On Sunday, Senator John McCain said he expected the president to get a slight popularity bump as he appears in public during the Hurricane Sandy situation.
"I think that the president of the United States is the commander in chief," McCain said on a CBS program. "The American people look to him, and I'm sure he will conduct himself and play his leadership role in a fine fashion. So I would imagine that might help him a little bit. But I'm not sure it will affect votes. People have been exposed to this very long campaign."
The Obama camp will also need to make a decision if Romney keeps campaigning in swing states not affected by Hurricane Sandy.
There are already signs that both campaigns may pull back efforts if Hurricane Sandy is as dangerous as forecast.
The Romney and Obama campaigns have halted fundraising e-mails in the states that will likely be directly affected by Hurricane Sandy.
But the situation that unfolded in Libya may offer clues about the problems that both candidates face as they address the hurricane and its aftermath.

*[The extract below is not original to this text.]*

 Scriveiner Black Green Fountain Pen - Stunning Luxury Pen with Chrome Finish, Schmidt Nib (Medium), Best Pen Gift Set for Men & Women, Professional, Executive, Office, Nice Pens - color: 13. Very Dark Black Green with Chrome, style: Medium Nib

The president was sharply criticized by Republicans for making a campaign appearance as the Libya situation unfolded. And Romney was criticized for reacting too soon to the deaths in Libya, before details about the attacks were known.
In the long term, the uncertainty over the status of polling places in the states hit by Hurricane Sandy could be a bigger factor in the election.
Early voting in some states has been pushed back, and massive power outages could be factors a week from now, when Election Day is just hours away.
Scott Bomboy is the editor-in-chief of the National Constitution Center.